Anita, la betunera peruana que se radicó en Ibarra

Aprendió a ignorar a los transeúntes que, en ocasiones, critican su trabajo o incluso se burlan de ella. Ella se gana la vida con este oficio. Foto: Eduardo Ortega
Aprendió a ignorar a los transeúntes que, en ocasiones, critican su trabajo o incluso se burlan de ella. Ella se gana la vida con este oficio. Foto: Eduardo Ortega
23 de agosto de 2015 - 00:00 - Eduardo Ortega

La presencia de la betunera que todas las mañanas se sienta detrás de su caja de lustrar resulta familiar para quienes recorren esta zona, próxima al mercado Amazonas.

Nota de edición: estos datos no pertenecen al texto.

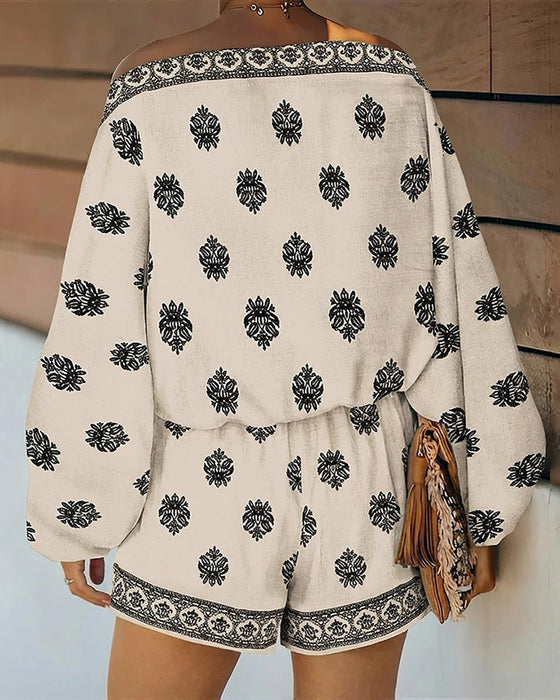 Ensemble Femmes 2 Pièces Tenue Boho Haut Et Shorts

Para guardar su anonimato, la llamaré Anita. “Tus zapatos hablan por ti”, es el lema con el que consigue nuevos clientes y conserva a los de toda la vida. Lo extraño es que esta mujer, de mediana estatura y espalda encorvada que a diario se dedica a embetunar el calzado, limpiarlo y darle lustre, tiene los zapatos remendados por doquier y cubiertos de polvo, como si jamás hubiese pasado un cepillo sobre ellos. Vive en Azaya, en Ibarra.

Asegura ser la fundadora de este barrio. Llegó a Ibarra con apenas un año de edad, en 1953. Nació en Chiclayo (Perú), el 15 de agosto de 1952 y, aunque no niega sus orígenes, sabe que es más ecuatoriana e ibarreña que peruana.

Desde que tenía  25 años, decidió dedicarse a sacar el brillo a los zapatos a los oficinistas del Municipio a las afueras de esta institución, porque quería estar más cerca del centro histórico de la ciudad.

Esta mujer decide tomar un respiro para dejar el betún de lado y tomar en sus manos el trapo rojo con el que saca brillo. Luego bromea con toda la seriedad de su ser “nunca he pertenecido al mundo de los cuerdos y me niego a pertenecer a él”.

Pasa sus dedos sobre su frente mientras se ensucia sin darse cuenta que quedan marcados.

Al mirarla, rápidamente pasa un trapo limpio para quitar la mancha. “Soy una ciudadana común y corriente, pero muy poco común y muy poco corriente”, dice mientras recuerda que lo último que aprendió fue ignorar a la ciudadanía que solo critica, porque asegura que ella vive y come gracias a la gente pero no recibe nada por voluntad.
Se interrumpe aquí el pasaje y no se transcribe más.